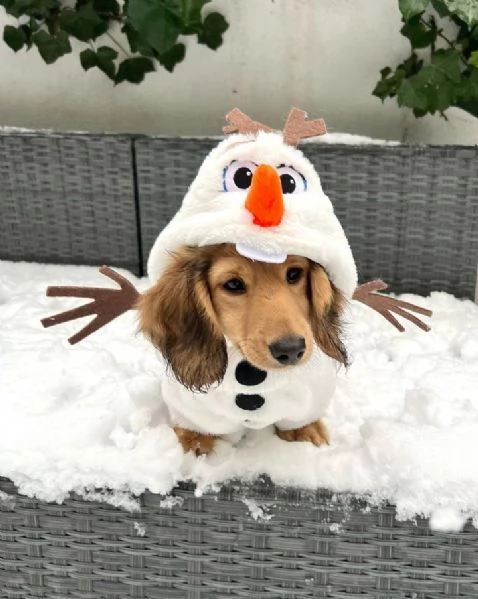 Serio allevamento di BASSOTTI attualmente dispone di cuccioli pelo corto e pelo lungo maschi e femmi | Foto 0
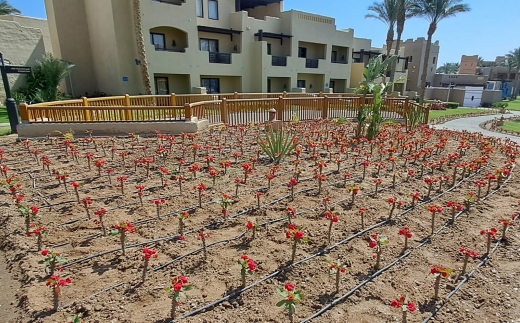 Albatros Sands Port Ghalib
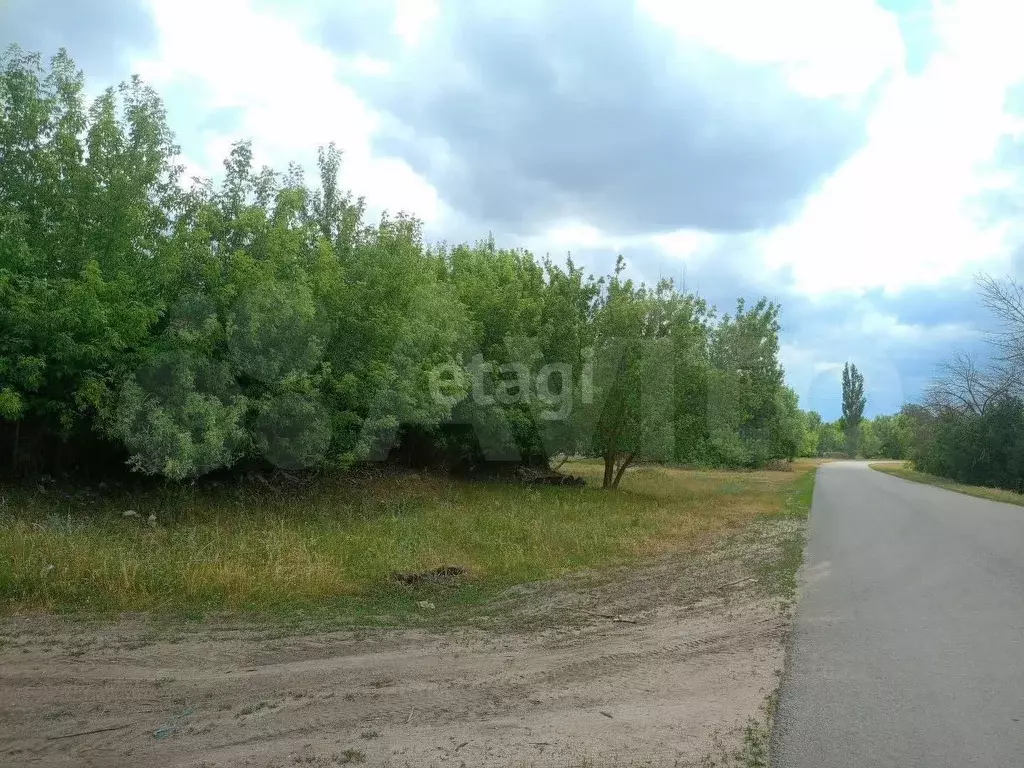 Участок 52,6 сот. (СНТ, ДНП) - Фото 1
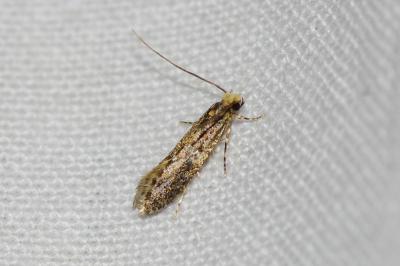 Monopis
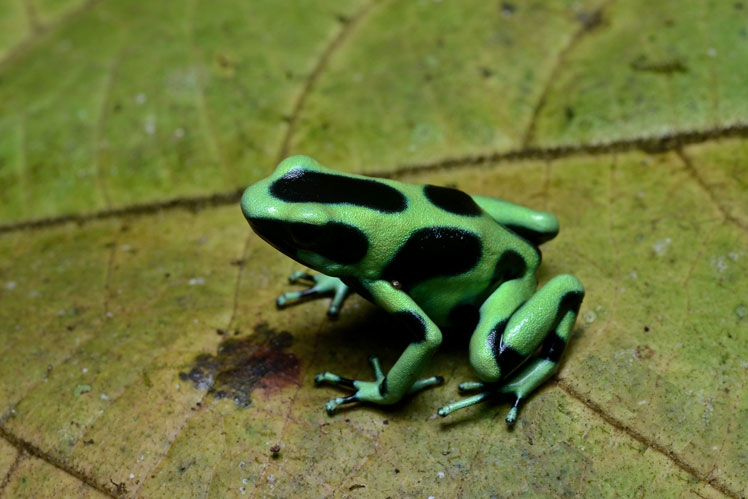 Colora la rana del dardo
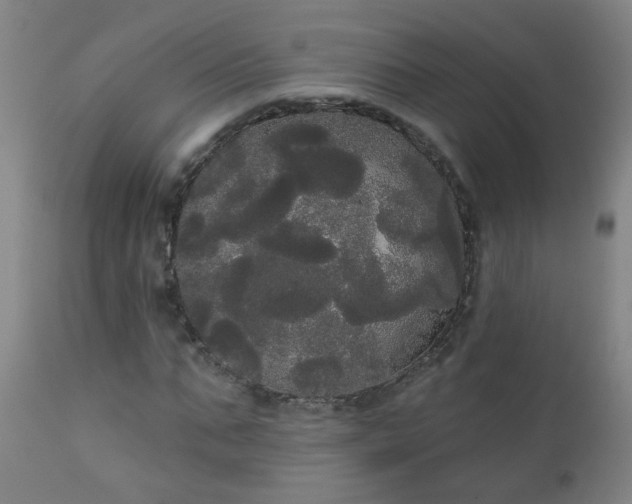 X0000111050871200906251430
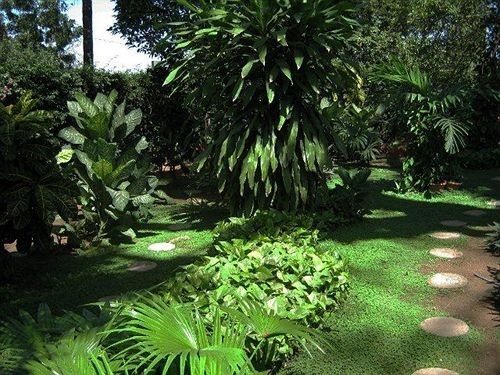 Outdoor Pictures 21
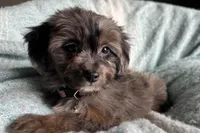 Peanut, a male Aussiedoodle and Poodle - Miniature  for sale in Lebanon, MO – Photo 8 of 10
:::
Exercise details:
Would you restate word for word only the lines from the line with "Albatros Sands Port Ghalib" to the last line above, with the pictures left out?

Result of this task:
 Albatros Sands Port Ghalib
 Участок 52,6 сот. (СНТ, ДНП) - Фото 1
 Monopis
 Colora la rana del dardo
 X0000111050871200906251430
 Outdoor Pictures 21
 Peanut, a male Aussiedoodle and Poodle - Miniature  for sale in Lebanon, MO – Photo 8 of 10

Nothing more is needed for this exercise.